Once you build up a readership and/or audience you may start to notice a recurring guilty feeling over the quality or consistency of your posts crop up. No one person can reasonably be expected to – without fail – publish perfectly regularly for years upon years on end, yet I do find that when we as content producers fail to provide our audience content that has as high a standard or volume as we’d expect ourselves to deliver, guilt does often sink in.
This is one of the trickiest parts of the job to deal with – especially since pushing out content is not the only task we have to do as content producers. Sometimes that extra 4-5 hours you would’ve spent on a new article is better spent promoting an old one, reading about new methods of content marketing, sorting out social media posts, fixing a blog layout, replying to emails, planning out monetization – basically an endless list of other tasks. There are also times when you’ll feel completely unmotivated when it comes to pushing out new content because you’ll feel yourself getting burned out; in which case, it’s my opinion that you should be taking a break rather than publishing content you’re not proud of or powering through and continuing to publish as you always have. Without taking a break when you need one, you stand the risk of finding yourself completely losing interest for your platform over time out of sheer exhaustion.
My best advice when it comes to dealing with the problem of guilt over slowing down is not particularly head on – essentially I’d advise you never to make promises to your audience that you’re not 100% sure if you can deliver on over 90% of the time.

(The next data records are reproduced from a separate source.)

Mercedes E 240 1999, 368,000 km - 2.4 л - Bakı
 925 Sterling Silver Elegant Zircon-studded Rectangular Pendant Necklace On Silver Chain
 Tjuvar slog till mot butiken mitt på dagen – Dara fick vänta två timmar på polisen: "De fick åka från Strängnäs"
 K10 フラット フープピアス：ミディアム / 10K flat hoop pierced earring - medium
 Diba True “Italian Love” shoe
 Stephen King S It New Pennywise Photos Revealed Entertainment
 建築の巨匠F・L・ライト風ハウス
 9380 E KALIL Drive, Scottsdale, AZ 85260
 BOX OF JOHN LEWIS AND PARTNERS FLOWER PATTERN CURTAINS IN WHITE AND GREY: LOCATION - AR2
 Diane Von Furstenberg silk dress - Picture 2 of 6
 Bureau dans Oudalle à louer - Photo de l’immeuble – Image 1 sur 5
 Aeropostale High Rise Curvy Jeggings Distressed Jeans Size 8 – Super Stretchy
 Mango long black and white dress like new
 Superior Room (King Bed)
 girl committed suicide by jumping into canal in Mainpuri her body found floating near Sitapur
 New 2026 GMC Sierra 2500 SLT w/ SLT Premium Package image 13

If you promise to upload a new post, video, podcast, etc, every single Thursday, but don’t, your audience is going to feel let down. If it’s implied because you always post on a Thursday, it’s a lot less harsh of a blow, at least in my opinion. And if you never really end up publishing on the same day each week, but have a much looser schedule by posting sometime within the week usually, even better – no one will probably be sitting there hitting refresh on your page hoping to see a new post, and so there will be a lot less disappointment if you’re late publishing from their end.
So in essence, my advice is – don’t commit unless you’re truly able to deliver. Don’t let people down and you won’t have as much guilt over not posting enough quality content.
Does this completely alleviate the guilt? Not really, no. If you are used to pushing out a specific quality or volume of content and you don’t feel as though you have delivered that to your audience recently, you’re going to feel guilty. But realize that this is a good thing. It’ll keep you on your toes with regards to content creation; will help make sure you always keep striving to put out the best you can produce. The guilt is there for a reason – it helps you to push yourself to do better.
Of course, if your standard is too high, your guilt can also help you to figure this out, as if you’re always feeling guilty, you’ll know that the bar needs to come down a notch. This means, if you’re not planning on hiring a team, either decreasing post frequency in order to retain high quality without getting burned out, or reducing the length/quantity of at least some of your posts so you can maintain your schedule and post as regularly as you once did.
You shouldn’t feel guilty over having to lower the bar. Don’t feel that your audience will hate you for it, as if they do, they’re missing the bigger picture (which you can let them know about to clear things up if they ask you) – if you don’t tone things down and take the posting down a notch, you risk burning yourself out altogether, which in turn pretty much always eventually leads to you ceasing to create any new content at all and abandoning that particular project.
So you’re really doing both yourself and your audience a favour by lessening your load when you feel it needs to be lessened – because otherwise you really do stand the risk of not wanting or being able to produce content for that avenue at all.